The Russian Central Bank will be able to establish experimental legal regimes (ELR) in various sectors of the economy, select participants, and define their roles. ELR participants will not be bound by certain laws of the Russian Federation.

It is expected that cross-border transactions will take place within the ELR of the financial market. The central bank will also create an organized cryptocurrency trading ELR. Russia may establish an official cryptocurrency exchange or grant cryptocurrency trading rights to existing exchanges. The largest exchange in Russia, the Moscow Stock Exchange, has refused to participate in this experiment.

The Russian Central Bank must also integrate cryptocurrency payments with the national payment system, which consists of the national payment card system, the fast payment system, the central bank payment system, the deposit system, and the financial information system.

The Russian Central Bank may achieve the first cross-border cryptocurrency payment by the end of 2024. However, to achieve this goal, Russia not only needs to design appropriate technical systems but also needs to figure out where and how to obtain enough cryptocurrency to service billions of dollars in foreign trade turnover.

Can this bypass sanctions?

If Russia's plan to bypass the Western financial system using cryptocurrencies is to succeed, legalizing cryptocurrency payments in Russia alone is not enough. Its trading partners must also accept such payments, which may still be difficult.

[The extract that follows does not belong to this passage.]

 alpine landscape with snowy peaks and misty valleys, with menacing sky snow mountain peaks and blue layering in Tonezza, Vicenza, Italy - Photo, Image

For example, in China, cryptocurrencies have been banned since 2021. (This ban does not apply to Hong Kong.) In order to use cryptocurrencies in transactions with Russia's largest trading partner, Moscow will have to use a series of intermediary organizations, which will increase transaction costs.

Russia's other BRICS partners—Brazil, India, and South Africa—do not seem eager to legalize cryptocurrencies for international payments.

The cryptocurrency market is no longer an unregulated area free from rules or government oversight. Cryptocurrency exchanges operate according to financial monitoring standards and must comply with Western sanctions to avoid secondary restrictions.

Ukrainian cryptocurrency analysts believe that Russia's new plan is essentially shooting itself in the foot. Cryptocurrency transactions may make it easier for Western governments to expand the scope of sanctions.

"Tracking all participants in blockchain transactions is easy because they are recorded in the blocks. There are many companies around the world that can analyze these things. Once Russian companies start using cryptocurrencies, it will be much easier to find their trading partners," said Nataliia Drik, President of the Ukrainian Blockchain Association.

In addition, using stablecoins in international trade will make Russian companies more susceptible to further restrictions, which seems inevitable.

The National Bank of Ukraine stated: "Pressure from sanctions on individuals (especially participants in the Russian Central Bank's cryptocurrency pilot project) and new areas of the Russian economy will increase, such as the adoption of additional measures to restrict Russian customers' access to the stablecoin market pegged to the US dollar, which, according to several news investigations, Russian companies use for settlements."